Screen Reviews
Gorgoroth

Gorgoroth: Black Mass Krakow 2004

MVD/Metal Mind

Gorgoroth

The Gorgoroth concert film Black Mass Krakow 2004 takes black metal out of the darkened room and out of the garage and places it on a large scale stage, to see if the music and the spectacle hold up under unforgiving stage lights and a large audience of hungry European metalheads. Does Gorgoroth hold up their end of the deal? Most assuredly. This Norwegian black metal band takes their performance cues from Slayer and Unleashed: bigger and grander.
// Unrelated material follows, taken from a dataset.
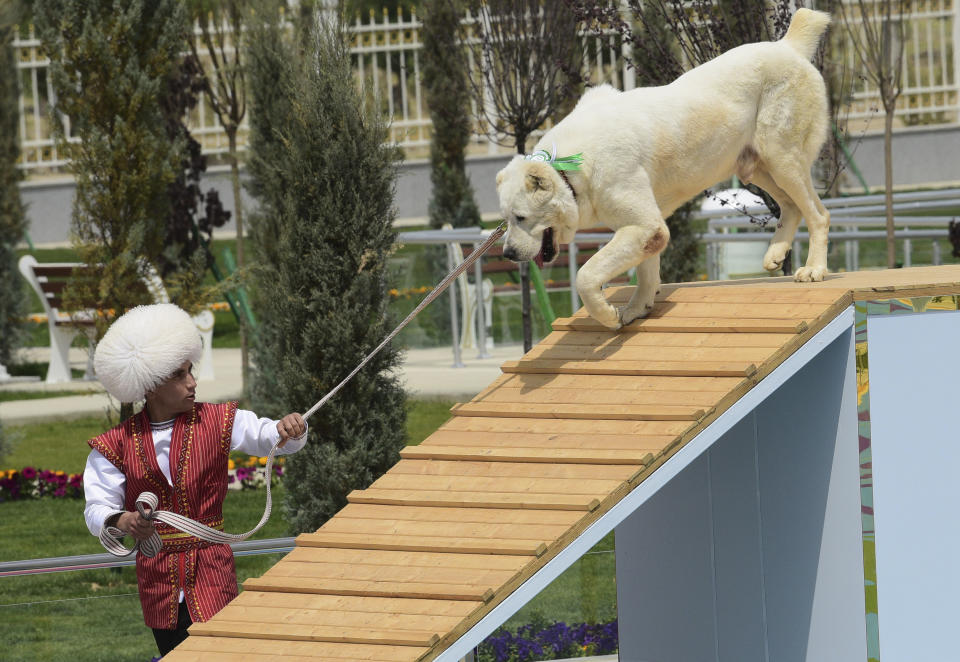 A man dressed in a national costume performs with his border guard shepherd dog Alabay during Dog Day celebration in Ashgabat, Turkmenistan, Sunday, April 25, 2021. The Central Asian nation of Turkmenistan has celebrated its new state holiday honoring the native Alabay dog breed. President Gurbanguly Berdymukhamedov established the holiday to be observed on the same day that Turkmenistan lauds its Akhla-Teke horse, a breed known for its speed and endurance. (AP Photo)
Standing out by dint of a three-guitar line and ten-foot tall vocalist Gaahl as a compelling focal point, Gorgoroth conjures up a prickly wall of submission on their albums, and their live excursions are just as punishing, precise, and unrelenting.
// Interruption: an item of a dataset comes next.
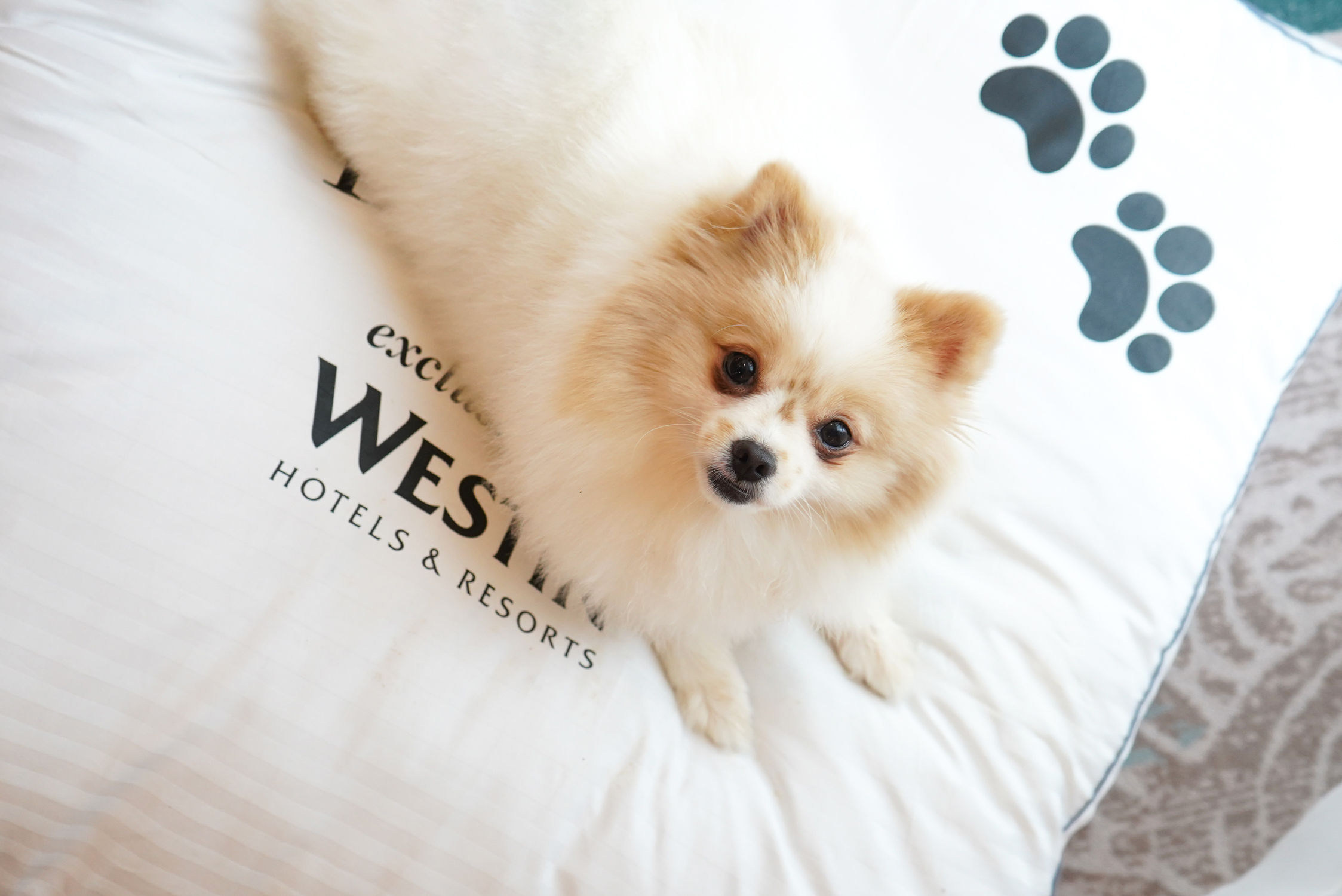 From cozy staycations to festive workshops, here’s how we can make Christmas dining in Manila more fun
See that stage setup? That scale? This is how it should be done. The members of the band stride onto a stage that is, like, Clive Barker level evil, like this is the part when the Cenobites come out and disembowel the audience. It’s a nightmare diorama, demonic possession meets WWI trench warfare. Barbed wire and torches separate the band from the audience. A line of sheep’s heads perch ghoulishly on fence posts (looks way too real to me), and three Jesus-Christ-by-way-of-Abu-Ghraib full scale nude crucifixions, loom like unholy ramparts on each side of the stage. The stage is bathed in blood red lighting, adding an extra shade of menace to the corpsepainted and spiked musicians onstage. Gorgoroth don’t even look human; they’re a mess of spikes and leather and hair and nightmare kabuki deathmasks rendered in grotesque blacks, whites, and deep crimsons. Gaahl is particularly unnerving, both in terms of physical size and impassive demeanor. He perches a foot on the monitor and calmly regards his audience with an imperious disdain; he looks like he’s not even breaking a sweat up there. It was this very stage setup that landed both the band and Metal Mind in hot water with Polish authorities over charges of animal cruelty and “offending religious feelings.”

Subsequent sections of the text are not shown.